The anatomy of this large file such that new changes to Subversion modify the tail of the file, with everything else staying the same. Because Amazon S3 does not allow you to "patch" files with changes, I will have to upload ten gigs every time I instantiate a backup after doing a simple submit to Subversion.
Here are the options as I see them:
Option 1
I am looking at duplicity which has --volsize
which splits data over an amount of megs. Is it possible to split the Subversion dumps using this so further incremental backups are measured in megabytes?
Option 2 Can I just backup the hot subversion repository? This seems like a bad idea if it is in the middle of writing a submit.

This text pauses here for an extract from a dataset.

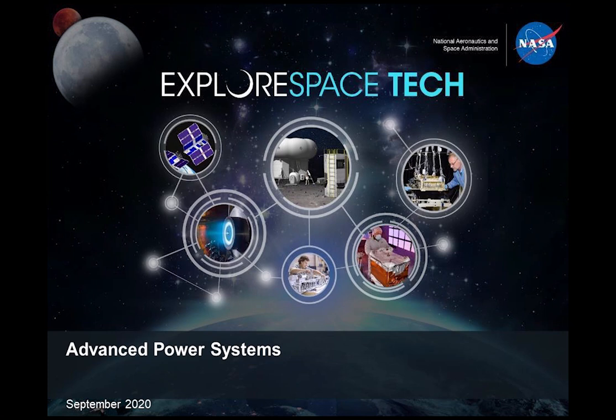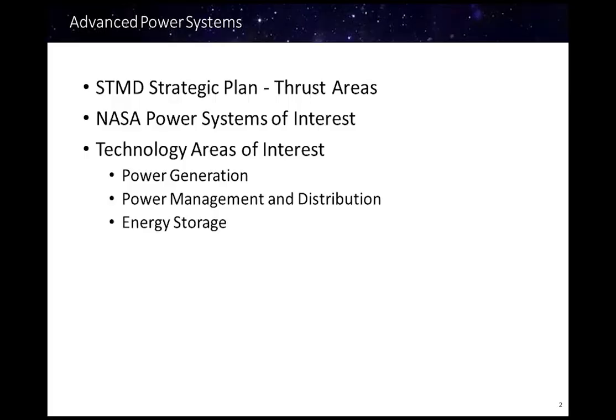Greetings. My name is Ray Beach and I serve as the Principal Technologist for Power and Energy Storage in the Space Technology Mission Directorate, STMD. I will be addressing technologies associated with advanced power systems. I will start with a brief discussion of the thrust areas contained within the STMD strategic plan, a quick synopsis of power systems of interest, and an overview of the technology areas of interest for advanced power systems, including gaps in specific areas that need technology development for power generation, power management and distribution (PMAD), and energy storage.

However, I have the option of taking the repo offline between the hours of midnight and 4am. Each revision in my Berkeley DB uses a file as its record.
Why not convert your repo to use the FSFS format instead of BDB?
That way each revision will be stored as a separate file, so incremental backups will just send the revisions which have been committed since the last backup.
You could put up a small Amazon EC2 instance and backup to an Elastic Block Store (EBS) volume via rsync or whatever tool that you prefer. Once the backup is complete, take a snapshot, which will be persisted to S3.
It's a somewhat more complex solution in some respects, but makes up for some of the limitations/complexities with S3.
I know this isn't really an answer but why not use an SVN provider and not worry about this stuff?
Another solution is to use git where each user has a full copy of all the deltas so you can recover from a server failure (since all are equal).
Since I had to do this recently, I'd like to add that backup manager did the trick. It can bzip the dump and rotate it on s3. I used this for reference.